Nick will teach these workshops at the Renewal:

Common Mistakes Writers Make and How to Correct Them by Nick Harrison – In addition to having been an editor at Harvest House Publishers, Nick is also a writer. He understands the frustrations every writer faces. To the beginner, he can offer to show his pile of rejection slips.  To the advanced, he can offer to show his pile of rejection slips. Becoming a published writer takes time, talent, and persistence. The mistakes Nick will talk about are indeed common—and he says he has made them all.

What to Do When You Don’t Have a Platform by Nick Harrison – Writers hate the word platform, but increasingly it can make the difference between a book sale to a publisher…or rejection. While slowly building your platform, there are some things you can do to compensate for not having a platform. We’ll look at some of those ideas. (For fiction and nonfiction authors.)

Check out the rest of the workshops being offered at this year’s Renewal. To request an appointment with Nick, register soon.

_____________________________________________________

In addition to writing and editing a monthly lifestyle newspaper for 10 years, Elizabeth Griffin elizabeth_griffin2has published more than 500 articles in newspapers, anthologies, and magazines, along with the books Fragile X, Fragile Hope: Finding Joy in Parenting a Child with Special Needs and Margot’s Story. Elizabeth’s favorite subject matter is true stories of redemption. She loves to speak truth into the lives of others and has been a Bible teacher for 16 years. Her recent adventures include directing communications for an international missions group and public relations for Seattle’s Union Gospel Mission, and blogging at Follow the Dots.

Jennifer Slattery: A Way with Words

By Elizabeth Griffin

From the moment she could speak, Jennifer Slattery loved words. In fact, her mother used to beg her to be silent—just for five minutes. But Jennifer couldn’t do it. Even when disciplined by teachers for talking in class or embarrassed in Bible studies for dominating the discussion, her natural propensity for self-expression would not be dampened.

As an adult, Jennifer’s wellspring of words has become a source of healing to many women. She began Wholly Loved Ministries to teach women the truth about who they are as daughters of the King. Through stories and humor she shows women how to tune out the lies promoted on social media and modern culture, and to tune into the truth of God’s Word and their identity in Christ.

In addition to speaking fluently, Jennifer also has a freely flowing pen, and she has published five Romance novels with New Hope Publishers. She is a regular contributor to Crosswalk.com, Internet Cafe Devotions, and Christians Read.

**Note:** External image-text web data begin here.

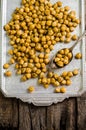 Roasted spicy chickpeas with zaatar or zatar on vintage metall try and wooden background. Top view Royalty Free Stock Photo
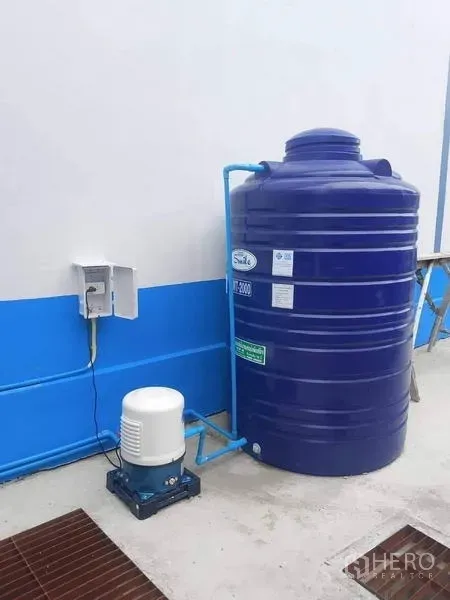 Warehouse for rent in Bang Phli, Samut Prakan - Large blue water storage tank with electric pump installed beside the warehouse wall.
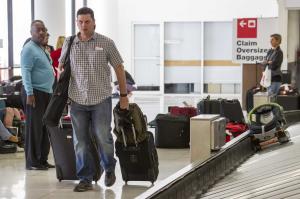 A passenger gets his luggage back at Los Angeles International …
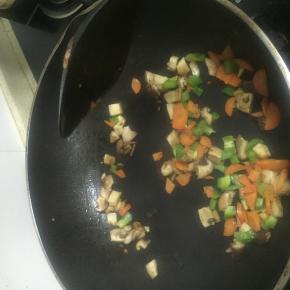 加入青椒丁，胡萝卜丁，放入少量的盐，翻炒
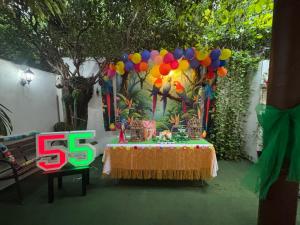 a stage with a table with a sign and balloons at Hotel Luxi in Playa Azul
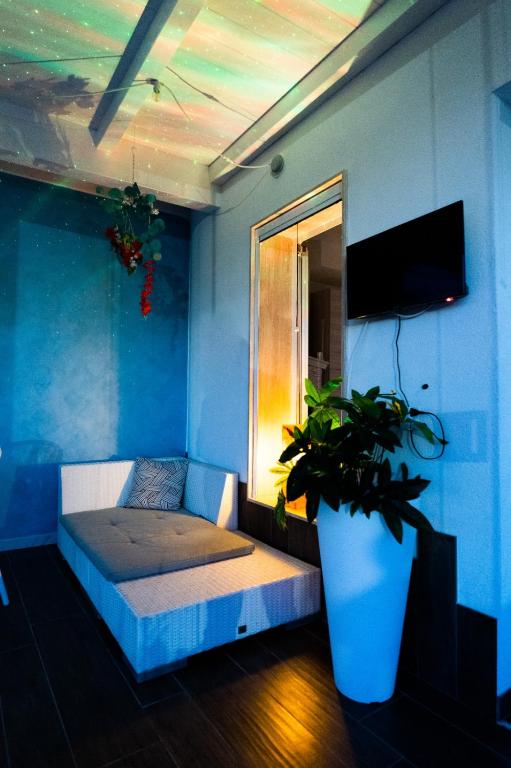 Telewizja i/lub zestaw kina domowego w obiekcie Resort Villa La Perla Sul Mare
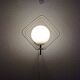 Metal applique with 80s glass sphere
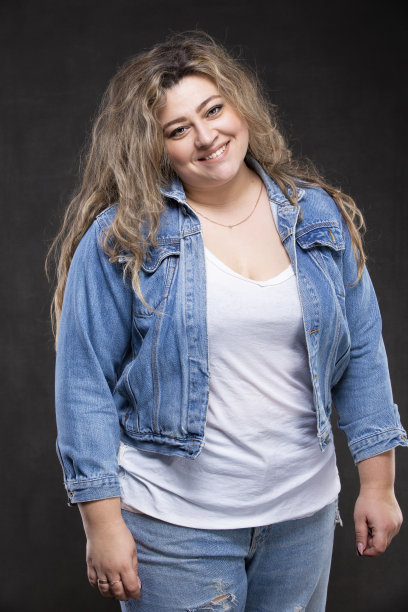 一个穿着牛仔夹克的漂亮胖女人看着镜头，在灰色的背景上微笑着。图片下载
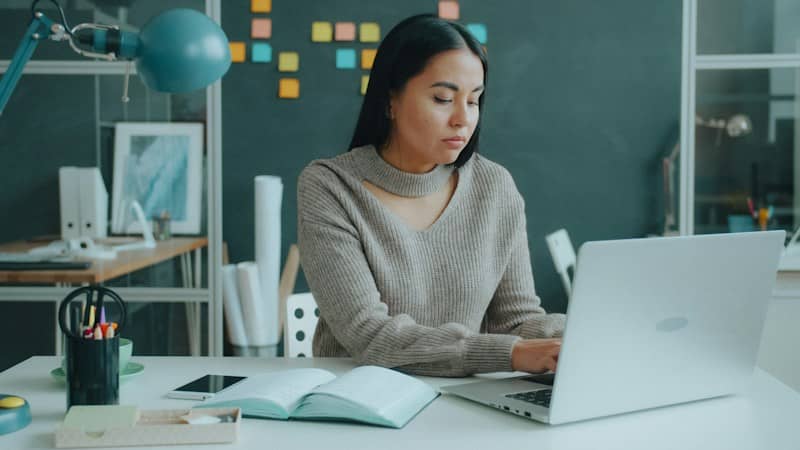 A woman in a beige sweater typing on a laptop at a desk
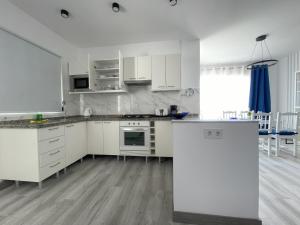 a kitchen with white cabinets and a counter top at Newly renovated apartment with 2 terrace, 2 bedroom, 5min beach in Puerto de Santiago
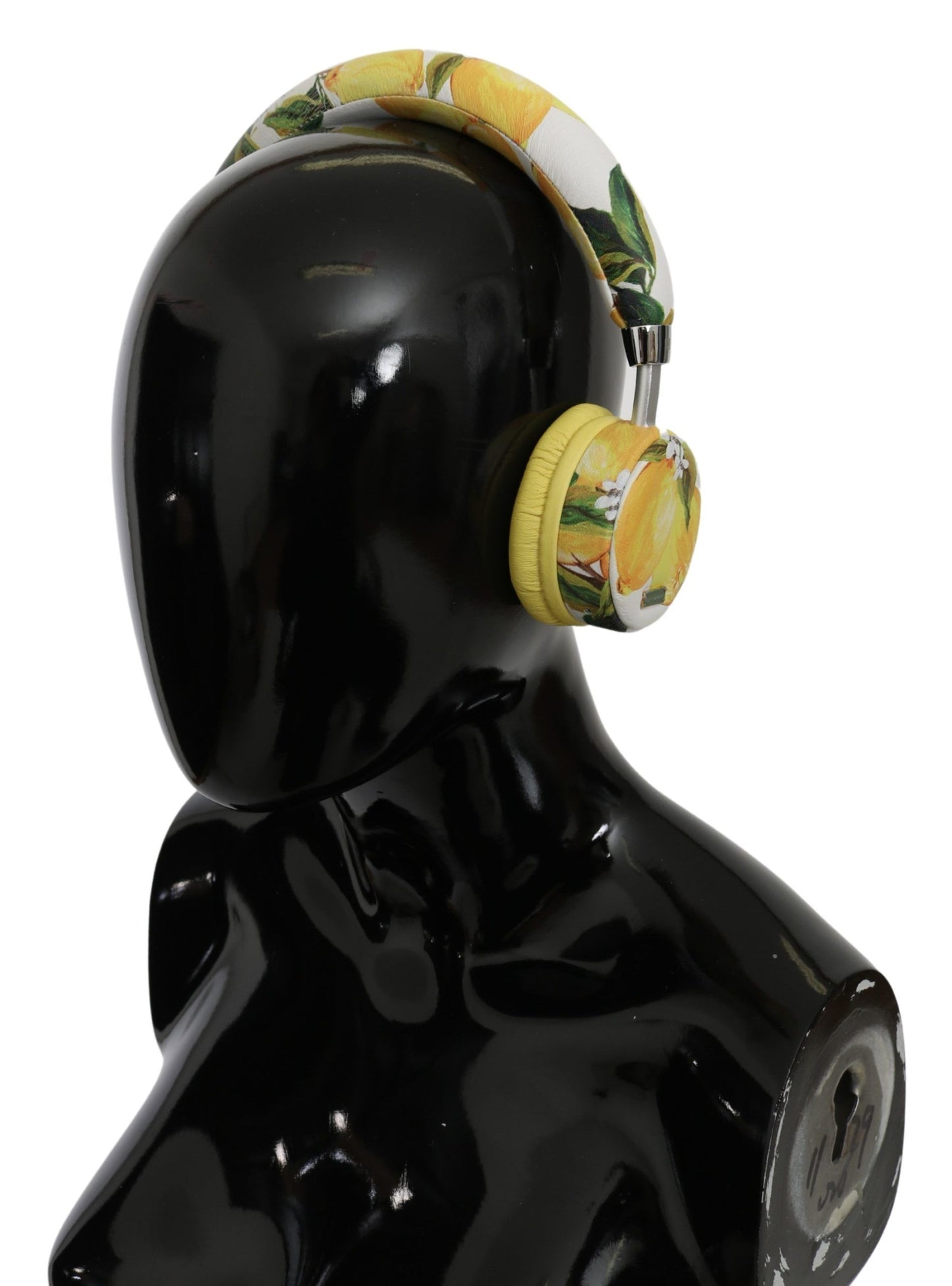 Auriculares elegantes de cuero blanco con estampado amarillo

As managing editor of Guiding Light Women’s Fiction, an imprint of Lighthouse Publishing of the Carolinas, she loves working with writers to help them strengthen their manuscripts and grow in their gifting.

“If you have a passion to write, God lit that spark within you, and he knows exactly what lies ahead,” Jennifer says. “In fact, he’s fully committed to perfecting all that concerns you. If we belong to Christ, we’re chosen and called to greatness. God has entrusted us with the most precious, most powerful words known to man—the gospel. At this moment, God is equipping, molding, stretching, and guiding us so he can use us to create ripples of love, peace, joy, and hope. The question is, are we complying?”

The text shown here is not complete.